Problem to solve: Reproduce the data below in full and exclude every picture.

Entries shown:

########################################

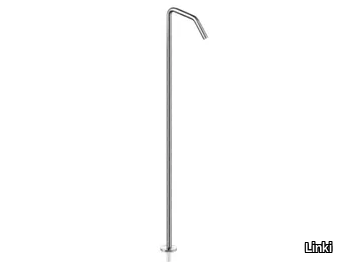 CANNE 051 - Floor standing stainless steel sink spout _ Linki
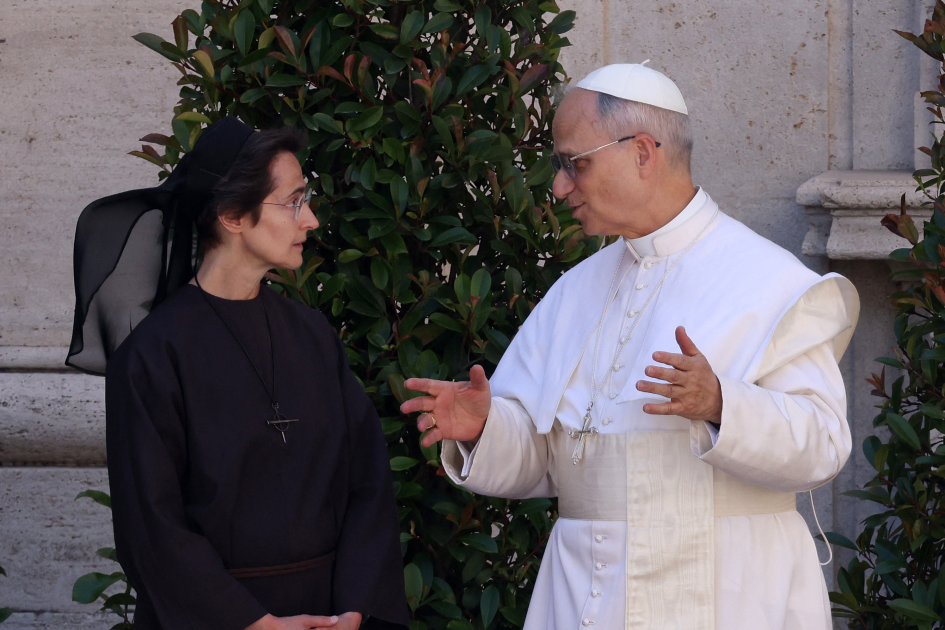 Pope Leo removes rule blocking women from top Vatican post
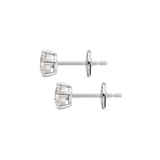 Diamant-Ohrstecker Classic 0.5 Karat Weißgold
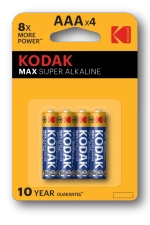 Батарейка LR 3 Kodak Max 4xBL (40/200)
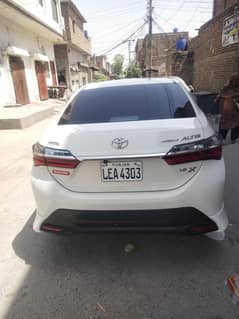 xli convert  corrola X total bumper to bumper gunion condition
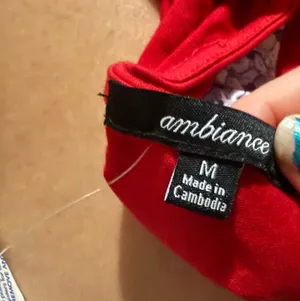 Ambiance Apparel Crop Top thumbnail 2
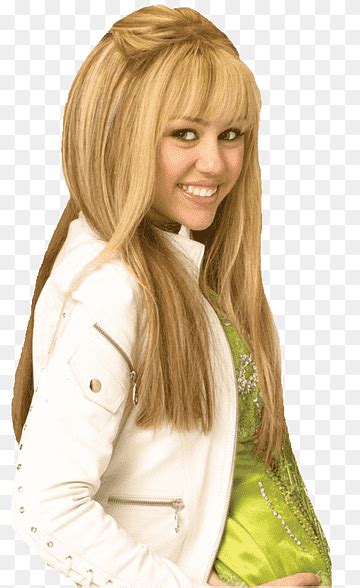 Miley Cyrus Long Hair Bangs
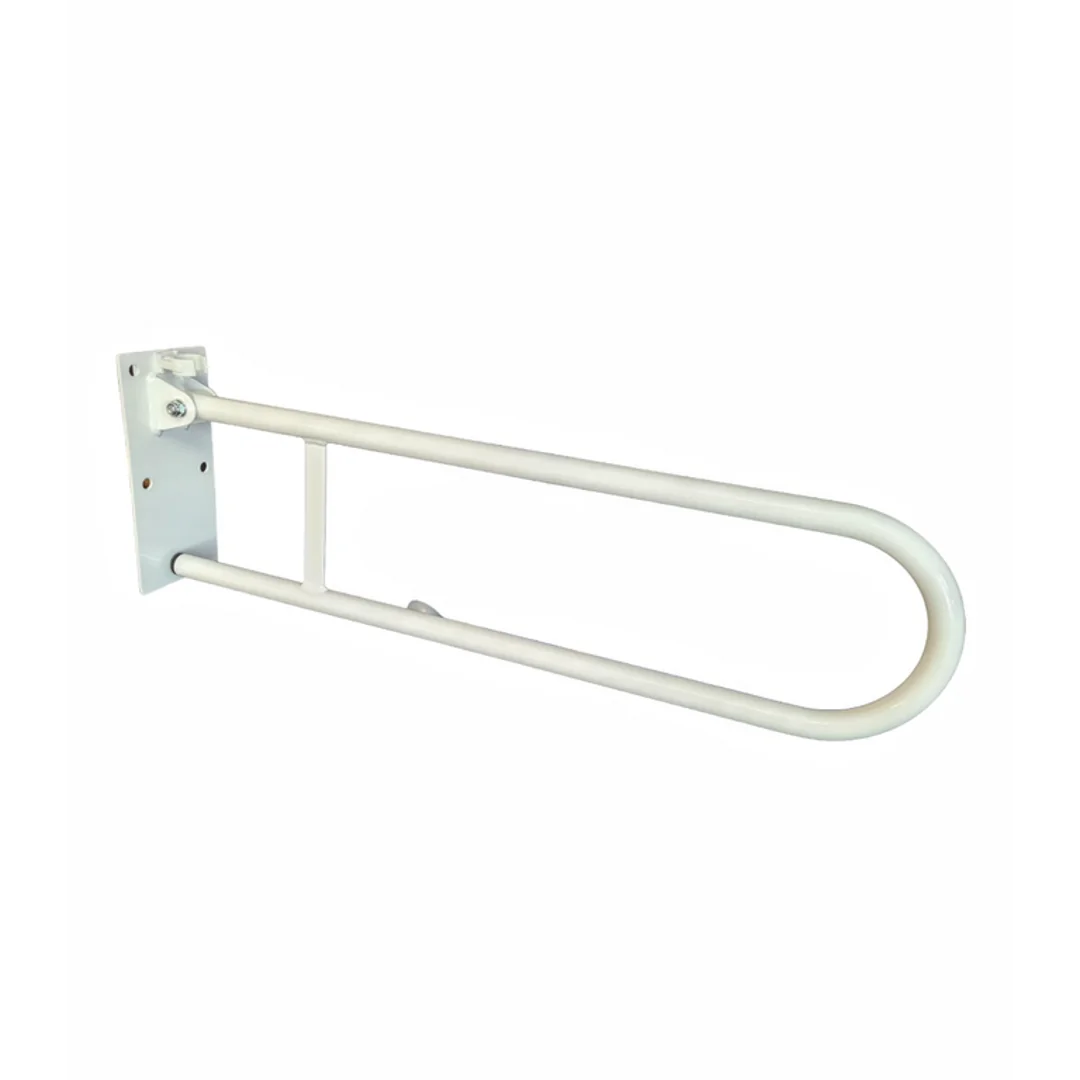 Madlo sklopné k WC kovové 1ks - 55 cm
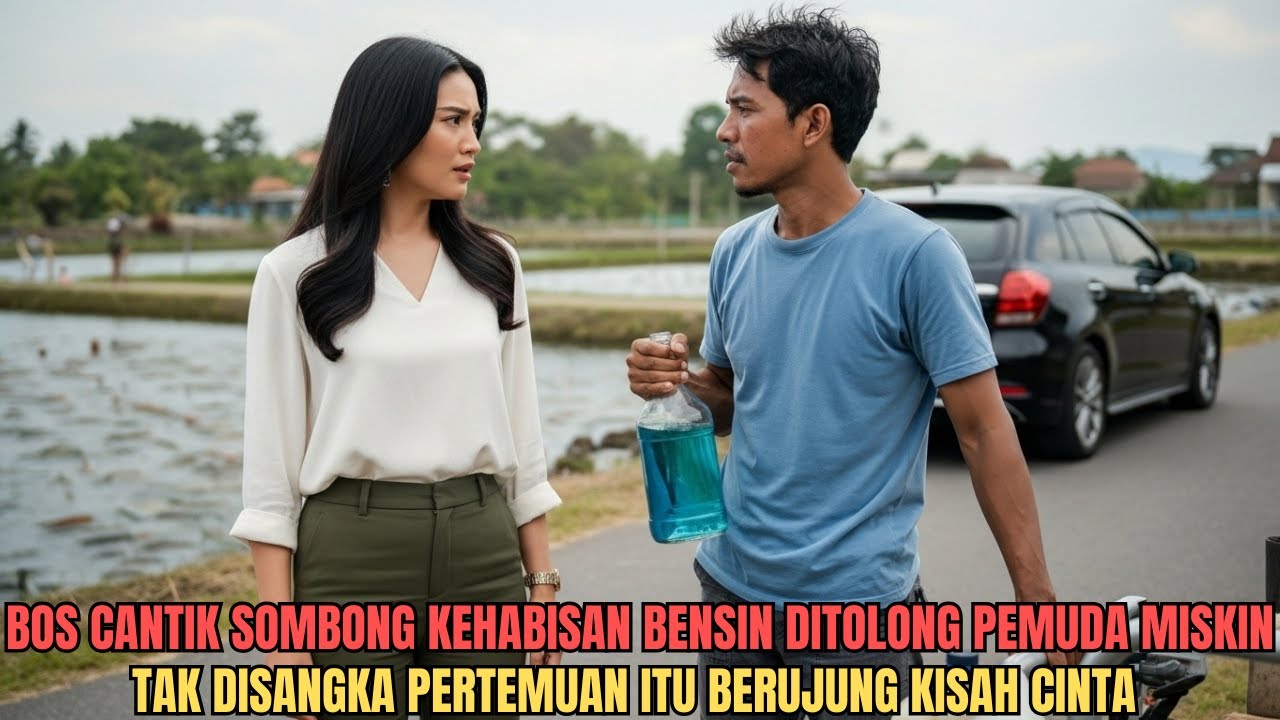 Bos Cantik Sombong Kehabisan Bensin Ditolong Pemuda Miskin, Tapi Pertemuan Itu Berujung Kisah Cinta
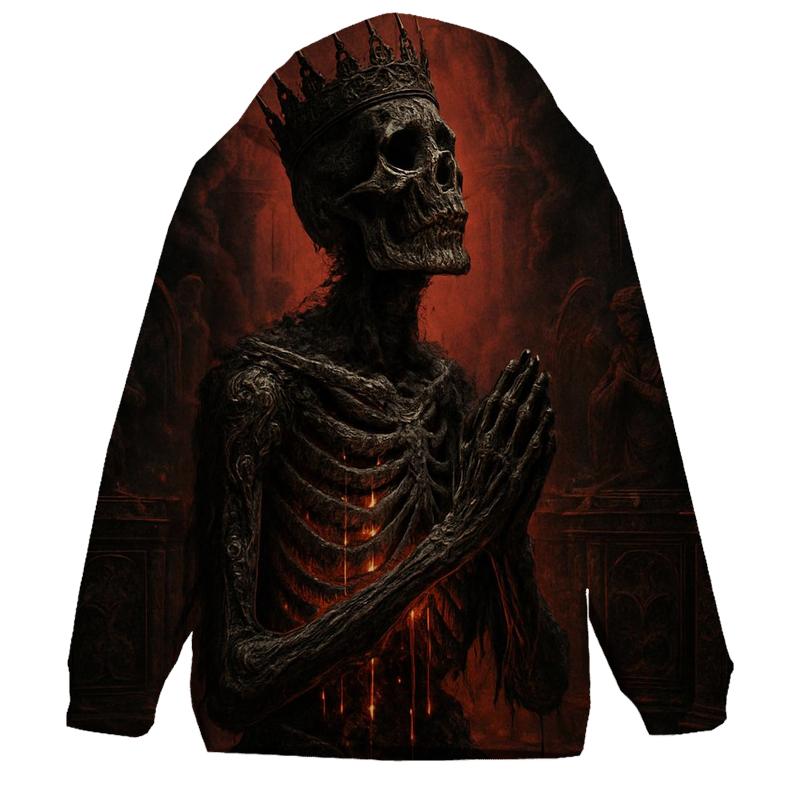Crown Of Cinders Saint heavyweight hoodies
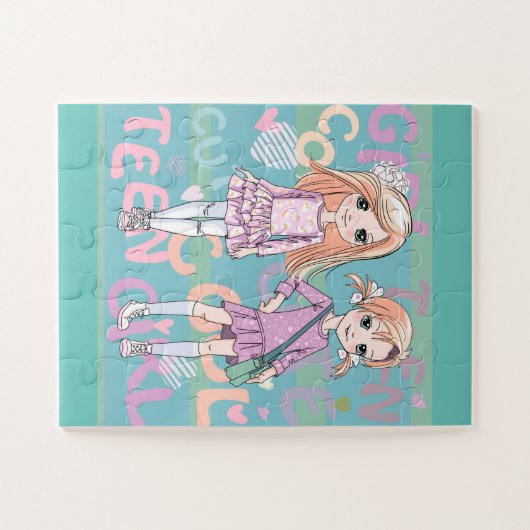 Jugendliche Jigsaw Puzzle (Horizontal)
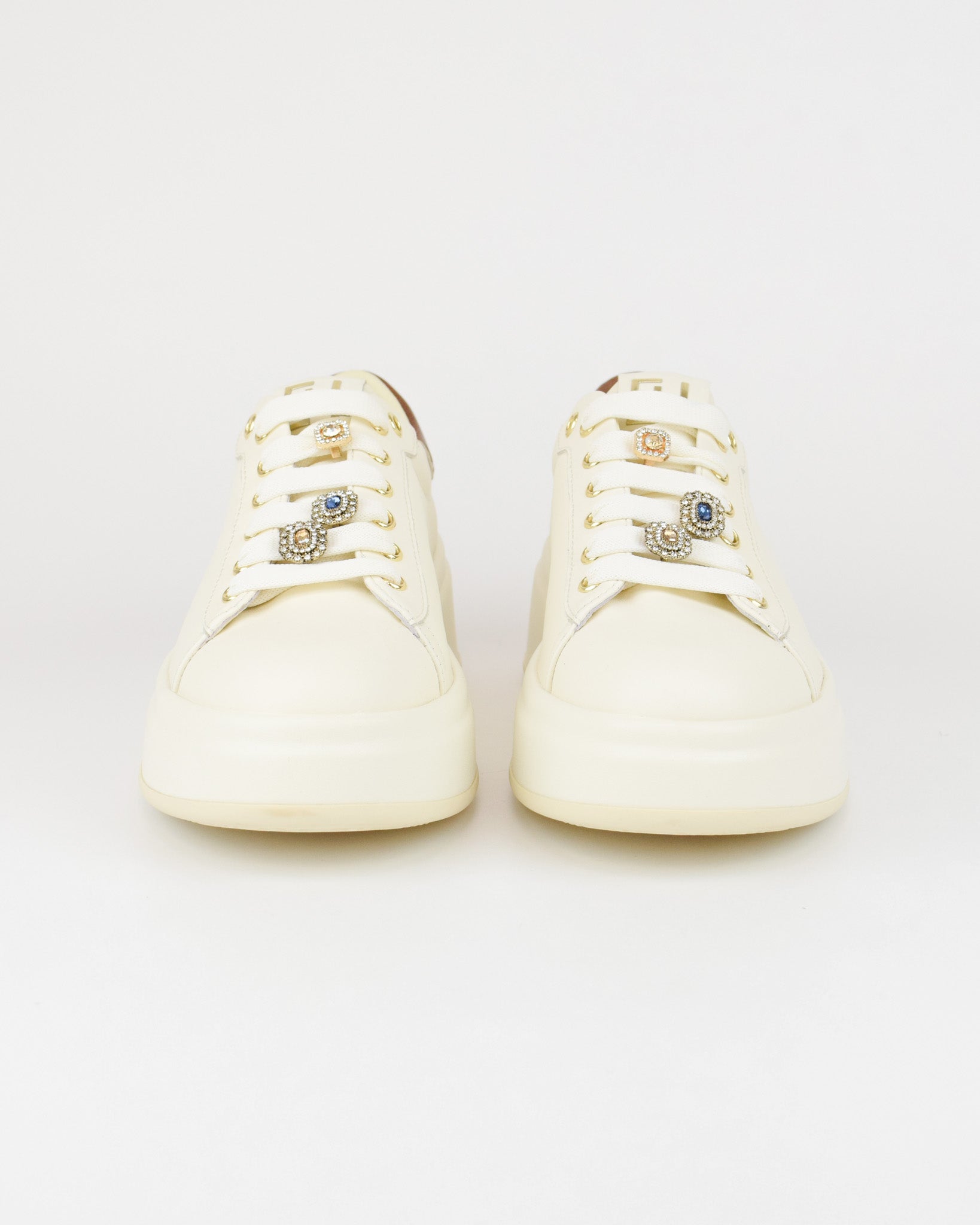 Sneaker combi pietre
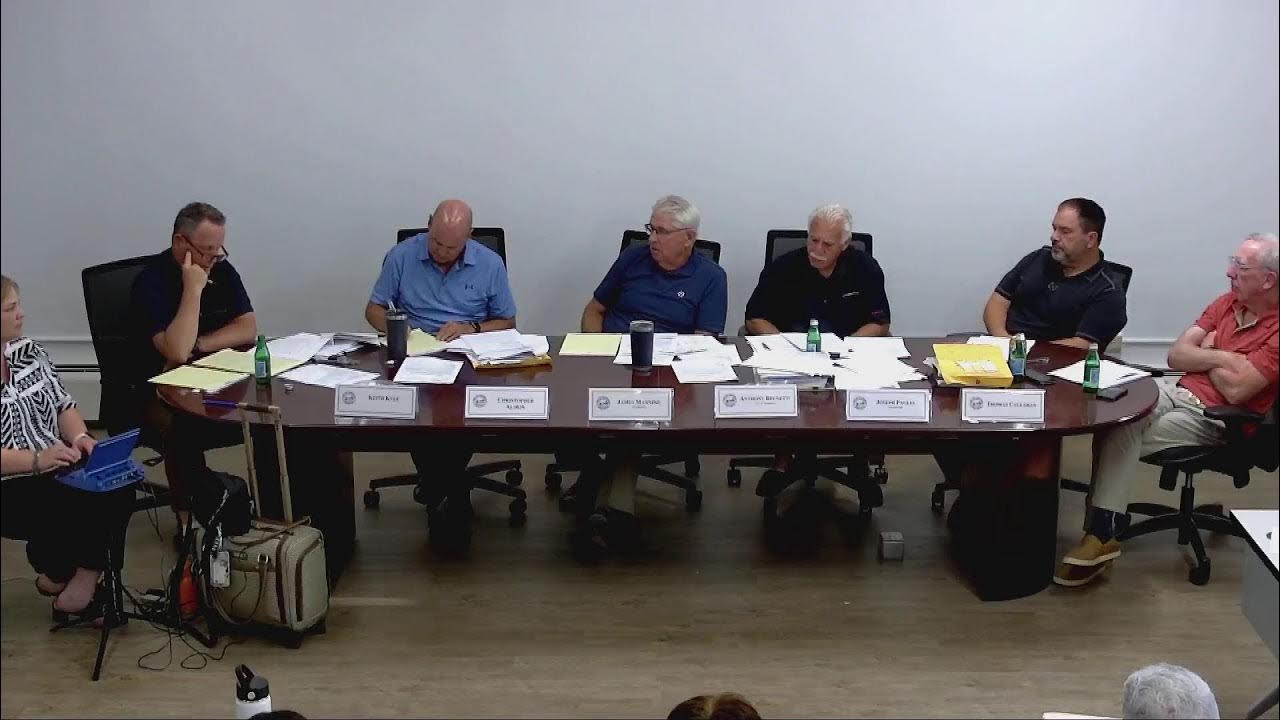 Narragansett Zoning Board July 26, 2023 YouTube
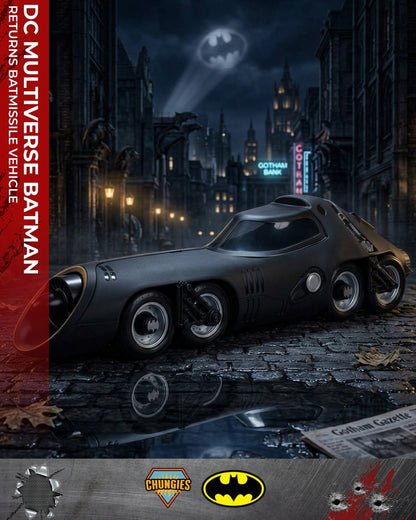DC Multiverse Batman Returns Batmissile Vehicle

########################################

Task output:
 CANNE 051 - Floor standing stainless steel sink spout _ Linki
 Pope Leo removes rule blocking women from top Vatican post
 Diamant-Ohrstecker Classic 0.5 Karat Weißgold
 Батарейка LR 3 Kodak Max 4xBL (40/200)
 xli convert  corrola X total bumper to bumper gunion condition
 Ambiance Apparel Crop Top thumbnail 2
 Miley Cyrus Long Hair Bangs
 Madlo sklopné k WC kovové 1ks - 55 cm
 Bos Cantik Sombong Kehabisan Bensin Ditolong Pemuda Miskin, Tapi Pertemuan Itu Berujung Kisah Cinta
Crown Of Cinders Saint heavyweight hoodies
 Jugendliche Jigsaw Puzzle (Horizontal)
 Sneaker combi pietre
 Narragansett Zoning Board July 26, 2023 YouTube
DC Multiverse Batman Returns Batmissile Vehicle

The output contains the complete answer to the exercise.